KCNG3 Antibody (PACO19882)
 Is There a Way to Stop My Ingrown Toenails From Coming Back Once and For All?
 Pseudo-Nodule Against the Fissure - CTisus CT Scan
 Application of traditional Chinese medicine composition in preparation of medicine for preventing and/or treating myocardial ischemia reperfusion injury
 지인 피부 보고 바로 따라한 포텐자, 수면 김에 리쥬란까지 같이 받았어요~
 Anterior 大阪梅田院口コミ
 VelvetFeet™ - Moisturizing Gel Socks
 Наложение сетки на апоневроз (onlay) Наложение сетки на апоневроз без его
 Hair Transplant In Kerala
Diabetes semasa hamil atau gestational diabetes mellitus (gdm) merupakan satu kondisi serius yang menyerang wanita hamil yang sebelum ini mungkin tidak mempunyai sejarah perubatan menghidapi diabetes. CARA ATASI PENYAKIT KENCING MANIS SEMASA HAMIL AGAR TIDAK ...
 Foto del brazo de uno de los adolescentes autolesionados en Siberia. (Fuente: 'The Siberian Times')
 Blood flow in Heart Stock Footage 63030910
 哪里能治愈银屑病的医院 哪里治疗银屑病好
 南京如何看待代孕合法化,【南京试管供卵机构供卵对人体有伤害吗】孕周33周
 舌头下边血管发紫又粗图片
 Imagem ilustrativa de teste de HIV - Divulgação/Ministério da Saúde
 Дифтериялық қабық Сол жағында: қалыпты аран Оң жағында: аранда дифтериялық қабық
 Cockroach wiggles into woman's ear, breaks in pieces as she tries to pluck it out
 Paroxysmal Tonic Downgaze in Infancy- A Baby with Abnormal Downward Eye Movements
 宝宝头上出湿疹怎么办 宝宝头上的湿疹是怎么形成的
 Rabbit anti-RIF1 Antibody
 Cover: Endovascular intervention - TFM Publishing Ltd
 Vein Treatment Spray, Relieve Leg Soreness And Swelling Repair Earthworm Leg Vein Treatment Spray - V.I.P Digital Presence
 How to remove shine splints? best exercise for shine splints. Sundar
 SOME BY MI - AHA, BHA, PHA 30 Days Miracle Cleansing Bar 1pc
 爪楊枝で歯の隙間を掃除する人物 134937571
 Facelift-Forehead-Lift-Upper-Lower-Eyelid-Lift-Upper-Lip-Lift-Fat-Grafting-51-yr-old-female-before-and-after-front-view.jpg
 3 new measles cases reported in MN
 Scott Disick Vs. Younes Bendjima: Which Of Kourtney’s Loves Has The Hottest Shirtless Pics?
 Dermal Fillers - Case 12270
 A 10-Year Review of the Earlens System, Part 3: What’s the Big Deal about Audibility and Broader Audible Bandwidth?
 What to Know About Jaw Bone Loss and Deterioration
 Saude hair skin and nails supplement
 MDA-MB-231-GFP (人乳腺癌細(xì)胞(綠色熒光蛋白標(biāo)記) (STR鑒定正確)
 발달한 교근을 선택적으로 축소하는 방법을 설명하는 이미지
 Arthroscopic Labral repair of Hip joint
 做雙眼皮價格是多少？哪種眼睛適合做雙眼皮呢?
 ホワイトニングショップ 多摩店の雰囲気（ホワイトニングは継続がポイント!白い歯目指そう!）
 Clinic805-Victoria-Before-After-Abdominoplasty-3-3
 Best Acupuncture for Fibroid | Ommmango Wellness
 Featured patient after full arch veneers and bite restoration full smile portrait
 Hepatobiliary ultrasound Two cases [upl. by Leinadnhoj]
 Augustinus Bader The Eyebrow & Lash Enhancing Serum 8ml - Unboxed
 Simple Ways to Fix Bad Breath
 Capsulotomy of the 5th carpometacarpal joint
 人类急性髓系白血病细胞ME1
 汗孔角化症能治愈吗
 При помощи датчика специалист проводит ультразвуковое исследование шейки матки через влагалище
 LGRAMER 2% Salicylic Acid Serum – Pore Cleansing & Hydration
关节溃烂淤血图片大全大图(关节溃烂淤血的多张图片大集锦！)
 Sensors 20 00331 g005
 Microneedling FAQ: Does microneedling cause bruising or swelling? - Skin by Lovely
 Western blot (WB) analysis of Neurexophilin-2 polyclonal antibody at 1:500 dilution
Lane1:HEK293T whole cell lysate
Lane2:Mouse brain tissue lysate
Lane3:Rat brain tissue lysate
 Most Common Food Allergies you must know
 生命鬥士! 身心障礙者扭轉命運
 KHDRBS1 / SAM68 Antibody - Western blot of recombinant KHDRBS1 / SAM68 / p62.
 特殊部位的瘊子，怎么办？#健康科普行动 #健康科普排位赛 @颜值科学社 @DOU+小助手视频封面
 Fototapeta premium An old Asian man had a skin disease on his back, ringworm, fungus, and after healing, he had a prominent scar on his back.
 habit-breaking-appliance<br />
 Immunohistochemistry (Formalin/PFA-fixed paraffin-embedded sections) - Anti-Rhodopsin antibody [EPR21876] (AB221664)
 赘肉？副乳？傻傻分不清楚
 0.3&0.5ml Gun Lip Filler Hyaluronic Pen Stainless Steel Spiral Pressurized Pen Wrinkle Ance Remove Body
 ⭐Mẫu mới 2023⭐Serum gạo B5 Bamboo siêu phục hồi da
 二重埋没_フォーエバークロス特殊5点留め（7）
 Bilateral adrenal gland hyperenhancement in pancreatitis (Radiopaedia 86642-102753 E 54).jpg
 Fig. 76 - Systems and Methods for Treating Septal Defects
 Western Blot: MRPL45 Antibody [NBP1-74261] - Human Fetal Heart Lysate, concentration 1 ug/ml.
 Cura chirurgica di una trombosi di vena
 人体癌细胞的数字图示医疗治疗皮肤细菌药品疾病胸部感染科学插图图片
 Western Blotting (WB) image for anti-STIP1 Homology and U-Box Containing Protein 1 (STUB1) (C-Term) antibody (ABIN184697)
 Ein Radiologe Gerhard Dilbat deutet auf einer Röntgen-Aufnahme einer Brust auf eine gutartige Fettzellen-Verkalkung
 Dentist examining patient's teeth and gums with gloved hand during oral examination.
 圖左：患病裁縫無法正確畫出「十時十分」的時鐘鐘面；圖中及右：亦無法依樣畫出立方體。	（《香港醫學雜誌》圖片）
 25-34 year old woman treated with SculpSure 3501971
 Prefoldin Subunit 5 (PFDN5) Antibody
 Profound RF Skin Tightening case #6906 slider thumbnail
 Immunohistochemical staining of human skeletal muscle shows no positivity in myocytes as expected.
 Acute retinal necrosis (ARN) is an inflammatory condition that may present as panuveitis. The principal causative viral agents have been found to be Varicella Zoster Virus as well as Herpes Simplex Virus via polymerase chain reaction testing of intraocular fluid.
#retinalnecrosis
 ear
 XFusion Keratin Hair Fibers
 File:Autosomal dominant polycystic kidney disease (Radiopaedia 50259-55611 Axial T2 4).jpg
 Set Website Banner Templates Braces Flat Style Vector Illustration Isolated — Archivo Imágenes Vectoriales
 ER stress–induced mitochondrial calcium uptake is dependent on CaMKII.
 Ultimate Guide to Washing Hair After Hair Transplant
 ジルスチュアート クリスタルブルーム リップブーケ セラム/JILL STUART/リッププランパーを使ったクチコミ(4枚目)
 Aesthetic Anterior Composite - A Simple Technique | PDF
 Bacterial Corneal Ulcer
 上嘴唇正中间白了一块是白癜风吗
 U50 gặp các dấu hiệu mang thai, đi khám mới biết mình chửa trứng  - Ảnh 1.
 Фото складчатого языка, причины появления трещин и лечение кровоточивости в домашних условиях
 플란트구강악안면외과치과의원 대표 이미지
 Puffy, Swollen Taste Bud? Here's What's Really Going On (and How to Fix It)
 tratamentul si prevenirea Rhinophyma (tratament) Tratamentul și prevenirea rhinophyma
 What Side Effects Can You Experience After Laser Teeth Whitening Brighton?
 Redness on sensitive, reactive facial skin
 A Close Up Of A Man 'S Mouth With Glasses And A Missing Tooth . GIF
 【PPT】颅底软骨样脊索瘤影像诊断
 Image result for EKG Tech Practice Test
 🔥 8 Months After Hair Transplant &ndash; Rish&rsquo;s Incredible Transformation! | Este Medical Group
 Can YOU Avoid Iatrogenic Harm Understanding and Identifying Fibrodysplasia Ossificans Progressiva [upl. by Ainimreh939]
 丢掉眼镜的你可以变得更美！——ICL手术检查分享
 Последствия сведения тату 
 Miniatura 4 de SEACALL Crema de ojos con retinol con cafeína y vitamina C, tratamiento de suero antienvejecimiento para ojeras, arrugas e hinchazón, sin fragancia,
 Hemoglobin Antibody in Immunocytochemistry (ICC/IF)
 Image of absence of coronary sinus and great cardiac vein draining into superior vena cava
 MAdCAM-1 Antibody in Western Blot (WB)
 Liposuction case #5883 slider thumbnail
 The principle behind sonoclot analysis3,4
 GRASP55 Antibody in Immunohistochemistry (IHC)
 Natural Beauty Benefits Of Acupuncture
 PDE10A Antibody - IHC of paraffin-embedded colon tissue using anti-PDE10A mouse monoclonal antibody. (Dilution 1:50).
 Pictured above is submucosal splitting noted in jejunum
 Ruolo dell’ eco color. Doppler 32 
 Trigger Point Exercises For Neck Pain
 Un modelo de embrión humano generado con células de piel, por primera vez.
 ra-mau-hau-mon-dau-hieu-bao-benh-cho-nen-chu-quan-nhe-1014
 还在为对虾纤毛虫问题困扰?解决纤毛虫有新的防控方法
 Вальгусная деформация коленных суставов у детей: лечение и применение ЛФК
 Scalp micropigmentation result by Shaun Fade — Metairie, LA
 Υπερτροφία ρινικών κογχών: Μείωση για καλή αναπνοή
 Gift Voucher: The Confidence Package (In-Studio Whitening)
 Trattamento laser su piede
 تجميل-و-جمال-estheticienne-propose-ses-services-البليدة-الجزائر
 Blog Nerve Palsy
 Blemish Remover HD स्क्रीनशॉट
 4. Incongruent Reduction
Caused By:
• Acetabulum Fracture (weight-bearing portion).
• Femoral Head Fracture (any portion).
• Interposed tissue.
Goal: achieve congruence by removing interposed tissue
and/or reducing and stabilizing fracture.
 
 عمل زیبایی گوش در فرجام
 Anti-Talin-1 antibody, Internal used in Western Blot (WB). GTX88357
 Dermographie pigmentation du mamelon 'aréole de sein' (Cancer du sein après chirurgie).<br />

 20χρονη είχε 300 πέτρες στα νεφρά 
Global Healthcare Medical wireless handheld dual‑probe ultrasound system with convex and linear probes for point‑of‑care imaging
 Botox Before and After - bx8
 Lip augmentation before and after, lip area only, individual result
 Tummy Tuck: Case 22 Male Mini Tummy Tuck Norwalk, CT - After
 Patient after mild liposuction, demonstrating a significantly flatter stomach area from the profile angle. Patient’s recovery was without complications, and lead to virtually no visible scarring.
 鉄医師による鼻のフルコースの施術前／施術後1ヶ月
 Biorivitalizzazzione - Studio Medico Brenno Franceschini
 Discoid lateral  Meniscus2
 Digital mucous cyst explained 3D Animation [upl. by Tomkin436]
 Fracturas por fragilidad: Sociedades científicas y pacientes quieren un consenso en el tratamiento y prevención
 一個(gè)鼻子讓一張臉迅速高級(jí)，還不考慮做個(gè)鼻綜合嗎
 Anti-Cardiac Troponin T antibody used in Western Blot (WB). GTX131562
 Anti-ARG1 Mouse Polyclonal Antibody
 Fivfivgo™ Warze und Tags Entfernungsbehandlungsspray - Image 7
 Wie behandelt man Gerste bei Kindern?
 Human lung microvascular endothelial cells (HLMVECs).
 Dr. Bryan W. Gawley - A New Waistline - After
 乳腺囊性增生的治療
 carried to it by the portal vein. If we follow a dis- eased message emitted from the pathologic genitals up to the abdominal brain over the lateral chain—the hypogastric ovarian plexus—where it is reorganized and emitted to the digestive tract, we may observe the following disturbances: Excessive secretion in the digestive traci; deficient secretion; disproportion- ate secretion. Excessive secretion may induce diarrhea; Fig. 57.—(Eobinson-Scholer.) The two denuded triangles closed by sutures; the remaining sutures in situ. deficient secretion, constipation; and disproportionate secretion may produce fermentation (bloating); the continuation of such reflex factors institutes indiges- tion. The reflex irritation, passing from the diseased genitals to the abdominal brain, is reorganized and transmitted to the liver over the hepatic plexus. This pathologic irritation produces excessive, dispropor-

* _WORK REQUIRED_
Begin with the line above that has "and/or reducing and stabilizing fracture." and continue through the line that has "20χρονη είχε 300 πέτρες στα νεφρά", setting each one down exactly. Stop there.

* _ANSWER AREA_
and/or reducing and stabilizing fracture.
 
 عمل زیبایی گوش در فرجام
 Anti-Talin-1 antibody, Internal used in Western Blot (WB). GTX88357
 Dermographie pigmentation du mamelon 'aréole de sein' (Cancer du sein après chirurgie).<br />

 20χρονη είχε 300 πέτρες στα νεφρά 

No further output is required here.